The part of the story that they left out of the Mary Poppins movie is when Mrs. Banks is abused by a mob of men and young boys and arrested for causing a disturbance even though she and her sisters-in-arms are quietly assembled--holding banners that quote the US Constitution and the current President's own words--and it's the men who are causing all the disturbance. They also left out the part where Mrs. Banks is abusively dragged into a dark prison, thrown in with rats, common criminals, blankets that get laundered once a year, and a bucket for a toilet. Nor do they show prison employees shoving the hose up Mrs. Banks's nose to force feed her when she decides to go on a hunger strike.

" 'These women have raised neither hand nor voice,' wrote one female reporter who eventually stood on the picket line herself and was arrested. 'They speak no word and do not attempt to defend themselves if attacked,' she explained."

But those omissions and discrepancies could be attributed to the fact that Mary Poppins takes place in jolly, old England, and it was in America during the presidency of Woodrow Wilson that all of these abuses were being endured by the informed women who had resolve to organize and question how the US could be fighting for democracy in Europe while simultaneously denying democratic participation--the Vote--to women at home.

Being able to speak freely is what America is all about, right?

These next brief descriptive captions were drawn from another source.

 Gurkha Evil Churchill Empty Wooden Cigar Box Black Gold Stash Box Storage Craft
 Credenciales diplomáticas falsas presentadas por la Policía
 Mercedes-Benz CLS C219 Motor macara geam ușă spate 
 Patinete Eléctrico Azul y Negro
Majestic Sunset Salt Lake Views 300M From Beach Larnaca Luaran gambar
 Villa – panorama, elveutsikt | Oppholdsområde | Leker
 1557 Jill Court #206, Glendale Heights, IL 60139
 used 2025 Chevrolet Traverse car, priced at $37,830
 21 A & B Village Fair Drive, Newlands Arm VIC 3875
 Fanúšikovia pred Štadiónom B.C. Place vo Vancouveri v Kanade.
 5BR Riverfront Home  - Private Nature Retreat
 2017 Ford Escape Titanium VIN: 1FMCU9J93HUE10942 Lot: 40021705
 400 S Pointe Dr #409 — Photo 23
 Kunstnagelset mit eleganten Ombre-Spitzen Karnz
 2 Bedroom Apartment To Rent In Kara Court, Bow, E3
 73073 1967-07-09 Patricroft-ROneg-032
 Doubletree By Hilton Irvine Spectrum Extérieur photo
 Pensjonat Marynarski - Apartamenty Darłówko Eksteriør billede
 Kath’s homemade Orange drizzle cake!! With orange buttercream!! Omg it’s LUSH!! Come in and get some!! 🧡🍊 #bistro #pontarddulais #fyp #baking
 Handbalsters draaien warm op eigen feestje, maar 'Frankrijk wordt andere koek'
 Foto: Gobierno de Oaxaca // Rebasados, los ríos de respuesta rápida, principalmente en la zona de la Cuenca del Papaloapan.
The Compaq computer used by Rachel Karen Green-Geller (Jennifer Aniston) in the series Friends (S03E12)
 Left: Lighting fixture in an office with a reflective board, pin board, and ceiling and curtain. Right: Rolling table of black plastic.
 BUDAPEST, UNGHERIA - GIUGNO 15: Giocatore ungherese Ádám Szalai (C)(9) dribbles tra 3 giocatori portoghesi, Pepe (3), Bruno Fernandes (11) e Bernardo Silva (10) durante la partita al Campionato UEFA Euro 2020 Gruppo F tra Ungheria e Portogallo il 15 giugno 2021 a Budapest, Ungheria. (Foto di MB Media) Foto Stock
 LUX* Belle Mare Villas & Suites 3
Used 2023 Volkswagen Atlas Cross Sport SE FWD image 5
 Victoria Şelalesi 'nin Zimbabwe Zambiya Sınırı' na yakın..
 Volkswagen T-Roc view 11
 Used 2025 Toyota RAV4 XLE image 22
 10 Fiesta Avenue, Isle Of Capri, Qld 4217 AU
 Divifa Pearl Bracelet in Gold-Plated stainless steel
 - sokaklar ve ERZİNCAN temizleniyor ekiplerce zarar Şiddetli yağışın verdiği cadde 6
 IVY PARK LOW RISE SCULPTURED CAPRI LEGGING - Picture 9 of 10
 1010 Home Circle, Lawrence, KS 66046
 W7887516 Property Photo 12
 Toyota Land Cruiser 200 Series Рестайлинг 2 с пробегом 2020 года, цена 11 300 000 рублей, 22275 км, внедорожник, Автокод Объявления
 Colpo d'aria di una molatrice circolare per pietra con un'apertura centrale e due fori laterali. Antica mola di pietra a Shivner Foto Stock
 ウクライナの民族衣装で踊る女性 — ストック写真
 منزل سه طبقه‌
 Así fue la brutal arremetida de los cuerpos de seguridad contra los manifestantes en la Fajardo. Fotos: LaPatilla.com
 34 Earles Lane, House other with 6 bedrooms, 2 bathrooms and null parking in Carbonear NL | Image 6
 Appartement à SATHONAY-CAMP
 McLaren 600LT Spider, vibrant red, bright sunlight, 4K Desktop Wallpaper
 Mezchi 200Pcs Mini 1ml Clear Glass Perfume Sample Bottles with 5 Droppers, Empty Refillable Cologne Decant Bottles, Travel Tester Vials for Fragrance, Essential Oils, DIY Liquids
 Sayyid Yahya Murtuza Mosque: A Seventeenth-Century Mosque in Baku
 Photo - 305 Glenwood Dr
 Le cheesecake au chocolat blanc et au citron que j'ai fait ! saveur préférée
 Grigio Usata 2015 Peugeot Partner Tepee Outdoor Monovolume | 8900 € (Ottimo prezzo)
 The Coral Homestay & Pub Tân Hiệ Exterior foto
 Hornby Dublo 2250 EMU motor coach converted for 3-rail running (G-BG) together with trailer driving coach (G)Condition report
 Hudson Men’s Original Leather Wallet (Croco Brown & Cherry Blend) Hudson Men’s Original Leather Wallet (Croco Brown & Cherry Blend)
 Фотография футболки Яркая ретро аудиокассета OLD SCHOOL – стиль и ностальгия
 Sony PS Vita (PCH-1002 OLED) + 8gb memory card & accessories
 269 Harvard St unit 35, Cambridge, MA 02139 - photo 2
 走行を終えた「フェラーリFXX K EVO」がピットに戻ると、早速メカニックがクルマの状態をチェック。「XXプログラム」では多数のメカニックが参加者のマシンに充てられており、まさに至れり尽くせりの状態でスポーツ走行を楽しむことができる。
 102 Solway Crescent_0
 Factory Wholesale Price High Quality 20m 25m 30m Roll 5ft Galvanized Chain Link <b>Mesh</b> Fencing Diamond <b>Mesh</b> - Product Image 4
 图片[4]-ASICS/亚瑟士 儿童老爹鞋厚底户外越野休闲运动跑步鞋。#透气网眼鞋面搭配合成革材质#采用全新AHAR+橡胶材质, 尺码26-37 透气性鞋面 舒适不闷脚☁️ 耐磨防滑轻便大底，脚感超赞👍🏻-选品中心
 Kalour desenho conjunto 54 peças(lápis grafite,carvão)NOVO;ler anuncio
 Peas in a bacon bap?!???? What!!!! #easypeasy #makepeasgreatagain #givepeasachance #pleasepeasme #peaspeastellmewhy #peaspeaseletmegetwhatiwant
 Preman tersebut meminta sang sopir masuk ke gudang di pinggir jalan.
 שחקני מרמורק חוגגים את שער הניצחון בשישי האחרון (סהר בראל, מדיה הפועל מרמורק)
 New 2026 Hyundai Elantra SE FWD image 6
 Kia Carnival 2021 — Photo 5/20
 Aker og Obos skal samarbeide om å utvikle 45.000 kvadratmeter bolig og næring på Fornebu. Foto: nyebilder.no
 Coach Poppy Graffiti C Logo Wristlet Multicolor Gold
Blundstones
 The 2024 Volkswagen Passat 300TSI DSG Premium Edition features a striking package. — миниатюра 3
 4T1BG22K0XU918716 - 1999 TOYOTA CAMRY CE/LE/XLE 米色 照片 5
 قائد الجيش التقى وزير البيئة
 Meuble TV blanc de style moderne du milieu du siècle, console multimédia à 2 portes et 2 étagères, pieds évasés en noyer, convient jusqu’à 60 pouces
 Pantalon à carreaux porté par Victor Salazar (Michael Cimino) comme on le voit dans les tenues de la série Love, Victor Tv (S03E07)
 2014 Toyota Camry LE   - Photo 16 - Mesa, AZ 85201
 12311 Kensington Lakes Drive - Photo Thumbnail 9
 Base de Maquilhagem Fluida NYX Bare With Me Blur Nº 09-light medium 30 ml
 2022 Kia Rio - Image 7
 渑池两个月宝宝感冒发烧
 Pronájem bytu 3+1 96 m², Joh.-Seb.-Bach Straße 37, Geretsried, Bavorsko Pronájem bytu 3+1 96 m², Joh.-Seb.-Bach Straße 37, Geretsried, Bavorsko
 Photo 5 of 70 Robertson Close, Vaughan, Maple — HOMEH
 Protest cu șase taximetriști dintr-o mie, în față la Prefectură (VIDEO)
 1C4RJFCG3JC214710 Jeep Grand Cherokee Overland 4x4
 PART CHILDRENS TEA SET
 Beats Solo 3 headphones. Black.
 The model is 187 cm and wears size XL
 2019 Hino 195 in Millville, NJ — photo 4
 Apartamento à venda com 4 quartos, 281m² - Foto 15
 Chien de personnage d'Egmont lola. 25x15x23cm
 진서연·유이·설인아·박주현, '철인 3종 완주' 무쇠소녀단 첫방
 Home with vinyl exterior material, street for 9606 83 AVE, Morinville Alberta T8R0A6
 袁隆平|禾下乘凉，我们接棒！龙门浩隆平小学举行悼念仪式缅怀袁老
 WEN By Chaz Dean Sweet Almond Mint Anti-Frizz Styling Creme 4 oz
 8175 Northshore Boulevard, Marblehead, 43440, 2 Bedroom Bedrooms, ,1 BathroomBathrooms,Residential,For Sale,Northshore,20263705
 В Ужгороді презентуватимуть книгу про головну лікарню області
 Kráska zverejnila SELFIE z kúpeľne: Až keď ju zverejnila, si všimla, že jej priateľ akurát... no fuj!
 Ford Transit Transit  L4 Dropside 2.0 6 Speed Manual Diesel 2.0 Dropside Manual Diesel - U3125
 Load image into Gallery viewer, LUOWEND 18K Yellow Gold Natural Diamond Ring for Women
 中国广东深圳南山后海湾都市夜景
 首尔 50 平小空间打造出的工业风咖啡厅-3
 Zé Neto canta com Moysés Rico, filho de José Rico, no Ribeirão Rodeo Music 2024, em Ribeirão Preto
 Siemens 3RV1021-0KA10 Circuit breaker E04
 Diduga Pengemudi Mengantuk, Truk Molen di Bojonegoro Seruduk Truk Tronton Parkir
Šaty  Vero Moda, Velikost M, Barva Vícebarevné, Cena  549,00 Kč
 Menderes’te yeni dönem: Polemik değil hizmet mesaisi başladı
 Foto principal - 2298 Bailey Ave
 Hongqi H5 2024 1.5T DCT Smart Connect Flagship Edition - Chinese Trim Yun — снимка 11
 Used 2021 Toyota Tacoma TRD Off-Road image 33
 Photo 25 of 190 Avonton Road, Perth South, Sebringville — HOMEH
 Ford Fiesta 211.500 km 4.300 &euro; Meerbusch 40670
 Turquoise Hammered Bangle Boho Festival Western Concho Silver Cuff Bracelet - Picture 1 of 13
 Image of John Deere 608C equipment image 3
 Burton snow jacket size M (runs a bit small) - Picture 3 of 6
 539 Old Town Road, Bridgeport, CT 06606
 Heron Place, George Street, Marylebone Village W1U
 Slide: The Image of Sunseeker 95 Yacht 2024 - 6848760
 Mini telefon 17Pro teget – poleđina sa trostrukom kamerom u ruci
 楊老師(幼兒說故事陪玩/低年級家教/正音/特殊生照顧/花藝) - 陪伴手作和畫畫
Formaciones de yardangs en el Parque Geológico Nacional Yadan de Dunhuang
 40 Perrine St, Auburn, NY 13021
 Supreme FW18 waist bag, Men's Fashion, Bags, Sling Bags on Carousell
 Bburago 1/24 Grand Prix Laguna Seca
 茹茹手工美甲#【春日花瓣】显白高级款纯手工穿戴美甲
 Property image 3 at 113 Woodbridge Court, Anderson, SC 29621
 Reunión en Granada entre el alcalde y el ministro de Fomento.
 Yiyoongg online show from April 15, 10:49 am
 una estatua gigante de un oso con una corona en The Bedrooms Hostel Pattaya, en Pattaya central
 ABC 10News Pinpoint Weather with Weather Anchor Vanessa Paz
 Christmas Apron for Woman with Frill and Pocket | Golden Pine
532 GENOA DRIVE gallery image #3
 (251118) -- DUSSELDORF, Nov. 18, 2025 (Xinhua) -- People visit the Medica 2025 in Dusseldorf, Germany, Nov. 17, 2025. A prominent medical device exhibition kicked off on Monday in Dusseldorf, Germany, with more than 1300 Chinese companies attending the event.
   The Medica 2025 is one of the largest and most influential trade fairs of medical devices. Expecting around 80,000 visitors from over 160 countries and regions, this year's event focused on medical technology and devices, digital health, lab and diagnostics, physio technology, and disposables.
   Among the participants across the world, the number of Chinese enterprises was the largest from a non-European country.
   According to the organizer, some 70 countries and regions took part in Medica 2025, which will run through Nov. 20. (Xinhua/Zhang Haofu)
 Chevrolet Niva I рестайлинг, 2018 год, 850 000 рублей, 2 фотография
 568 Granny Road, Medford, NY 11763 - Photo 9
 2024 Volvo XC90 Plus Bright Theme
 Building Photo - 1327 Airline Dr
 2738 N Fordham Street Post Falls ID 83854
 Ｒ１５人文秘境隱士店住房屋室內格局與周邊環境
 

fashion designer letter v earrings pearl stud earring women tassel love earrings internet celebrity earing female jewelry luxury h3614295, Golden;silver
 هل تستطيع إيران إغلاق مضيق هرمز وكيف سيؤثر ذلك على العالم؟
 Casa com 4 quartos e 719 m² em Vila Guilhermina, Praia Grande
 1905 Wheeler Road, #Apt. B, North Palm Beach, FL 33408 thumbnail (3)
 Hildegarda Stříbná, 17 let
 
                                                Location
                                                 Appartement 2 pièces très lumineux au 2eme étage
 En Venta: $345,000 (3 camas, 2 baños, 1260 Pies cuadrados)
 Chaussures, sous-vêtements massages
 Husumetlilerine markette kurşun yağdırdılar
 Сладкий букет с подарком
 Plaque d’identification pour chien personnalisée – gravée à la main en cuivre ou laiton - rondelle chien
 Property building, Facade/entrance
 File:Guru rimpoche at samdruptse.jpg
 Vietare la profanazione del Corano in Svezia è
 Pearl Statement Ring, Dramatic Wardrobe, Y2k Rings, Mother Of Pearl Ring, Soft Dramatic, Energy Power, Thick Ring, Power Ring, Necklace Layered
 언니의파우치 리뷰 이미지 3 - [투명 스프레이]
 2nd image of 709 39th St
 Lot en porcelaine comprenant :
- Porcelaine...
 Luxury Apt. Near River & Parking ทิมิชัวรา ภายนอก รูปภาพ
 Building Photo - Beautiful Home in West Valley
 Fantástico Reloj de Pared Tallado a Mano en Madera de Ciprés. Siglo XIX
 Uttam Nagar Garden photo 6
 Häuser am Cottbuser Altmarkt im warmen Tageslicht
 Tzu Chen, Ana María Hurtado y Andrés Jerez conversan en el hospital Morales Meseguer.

But students of American history know that there are times when Freedom of Speech seems to be reserved for only SOME Americans, those who agree with the government.

"Now, however, the growing nationalism of wartime made such protests seem, as reported in newspapers, 'unwomanly,' 'unpatriotic,' 'dangerous,' 'undesirable,' even 'treasonable.' "

(Sound familiar?)

The central focus of WITH COURAGE AND CLOTH: WINNING THE FIGHT FOR A WOMAN'S RIGHT TO VOTE is on the years of widespread activism and protest directly preceding the adoption of the Nineteenth Amendment in 1920. And it is during those final years of a fight that began in earnest back in Seneca Falls in 1848 that we so clearly see the parallels between the suffering of those brave Americans involved in the Women's Suffrage Movement and the violence and repression faced by those in the Civil Rights Movement; those images that so many of us watched either on television or firsthand; those images that so many of us will never forget.

Another parallel that I found interesting involves the fact that:

"The period from 1896 to 1910 (during which no states adopted woman suffrage) became known as the 'doldrums' of the movement. The wind seemed to go out of the sails of the cause. No matter how hard suffragists argued in support of votes for women, they could not muster the momentum to overcome the anitsuffragists, or 'Antis,' who opposed them."

It would seem to me not to be coincidental that the same year that the US Supreme Court ruled in Plessy v. Ferguson that "separate but equal" was permissible, leading to baseball owners successfully conspiring to eliminate people of color from the Major Leagues for half a century, and leading to the growth of all those other insidious tentacles of apartheid that spread across America and took hold of it, that American women would face a similar fate at the hands of white paternalism.

"It's grand to be an Englishman in 1910
King Edward's on the throne;
it's the age of men"
--"The Life I Lead," from Disney's Mary Poppins

It is during this period that several award-winning historic novels dealing with oppressed young women are set: Jennifer Donnelly's A NORTHERN LIGHT and Jennifer Holms's OUR ONLY MAY AMELIA quickly come to mind. To read that scene in A NORTHERN LIGHT where the well-educated "Miss Wilcox" is offered the choice by her husband of either complying with his demands or being institutionalized as mentally unfit provides an understanding of what kind of power men wielded over women. WITH COURAGE AND CLOTH will make a great companion for these books.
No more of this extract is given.